You can also use address reservations to combat the problem of running out of addresses. Address reservations is a technique by which your DHCP servers reserve a specific address for a specific PC. For example, most of the time, you would use a static IP address on your servers. You can either hard code the desired IP address into your servers or implement a DHCP reservation for those servers. This technique doesn’t work for all servers, as some servers require a hard-coded IP address. However, the reservation technique isn’t just for servers. If your clients must have network access at all times, you can reserve addresses for them. By reserving an address, the clients are guaranteed IP addresses at any time.

Overlapping IP addresses
When you have multiple DHCP servers, if you don’t carefully sequence the TCP/IP numbers they can offer, you can sometimes run into accidental address duplication—that is, duplication by another DHCP server. DHCP servers each contain scopes of addresses that they can assign to clients. All of the combined scopes make up a super scope.

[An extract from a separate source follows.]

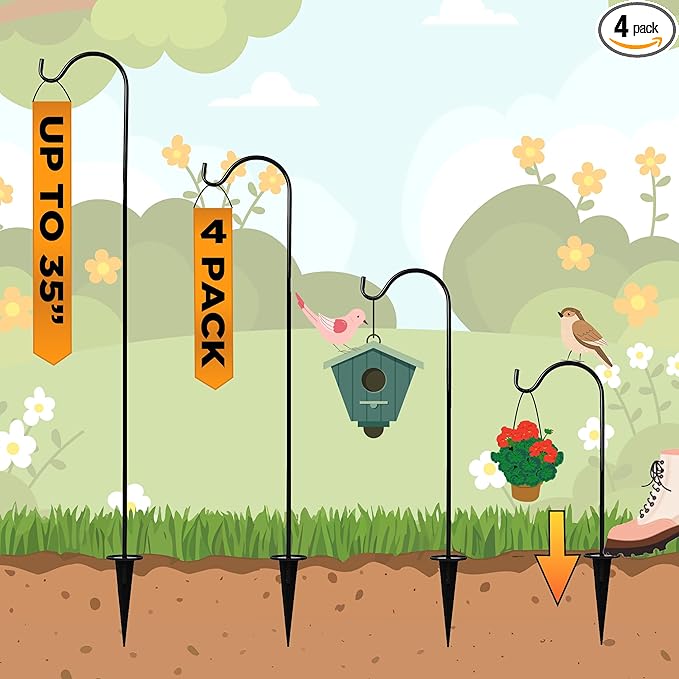 Shepherds Hooks for Outdoor - Set of 4 Adjustable Garden Poles for Bird Feeders, Solar Lanterns, Wind Chimes, Hanging Plants - Shepards Hook Ground Stakes For Perfect Outdoor Landscape Decorations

This organizational layout protects your network from address duplication. However, some types of DHCP servers don’t check the network for the existence of other DHCP servers, let alone check the address range with which the other servers are working. Therefore, if you find IP addresses are being duplicated, check your DHCP servers to make sure each server contains a unique scope.

Mismatched addresses
Much more common in larger organizations, mismatched IP addresses can also cause DHCP failures. An IP address is composed of a network number followed by a computer number. A subnet mask differentiates between the two numbers. For example, a subnet mask of 255.255.0.0 tells Windows that the first two numbers compose the network number, while the last two numbers are the computer number.

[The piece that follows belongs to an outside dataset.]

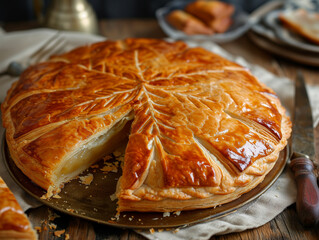 Delicious close up of a Galette de Rois, traditional french pastry eaten on 6th January. - obrazy, fototapety, plakaty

The problem occurs when IP addresses with different subnet masks are used on the same network segment. For example, suppose that you had one DHCP server assigning IP addresses that fell into the 255.255.0.0 format, while another DHCP server was assigning addresses in the 255.255.255.0 format. According to books I’ve read, the client PCs should still be able to communicate with each other. However, my own personal experience has shown me that unless the two address formats exist on two different segments, the PCs in question will have trouble communicating.

In the few times that I’ve seen such an arrangement, the machines with the 255.255.0.0 address format were able to communicate with other PCs using the 255.255.0.0 format but not with the machines using the 255.255.255.0 format. The reverse was also true. The machines with the 255.255.255.0 address format were able to communicate with other machines using the 255.255.255.0 format but not with the machines using the 255.255.0.0 address format.

To avoid possible communications problems between machines with such mismatched addresses, make sure all your DHCP scopes conform to a common subnet mask format.

Rogue DHCP servers
Prior to the release of Windows 2000, it was actually possible for a hacker to place his or her own DHCP server onto a network and cause some serious chaos. An unauthorized DHCP server can duplicate IP addresses or assign clients invalid addresses with information that won't connect them to the Internet or other network resources.

Fortunately, Windows 2000 protects against this. When you install DHCP services on a Windows 2000 server, Windows requires you to specifically authorize the new DHCP server to service the network.

Service failure
When using Windows NT or Windows 2000 as the operating system on your DHCP servers and a DHCP failure occurs, it’s important to remember that DHCP is service based. One of the first things you should check in such a situation is whether or not the DHCP service is still running. In some situations, correcting the problem may be as simple as restarting the service.

Conclusion
Your DHCP servers are a very important part of your network, and having a problem at the DHCP level can cause considerable user downtime. Once you know some of the major causes of DHCP failures, you’ll have an easier time recovering from the failure or preventing another such failure later.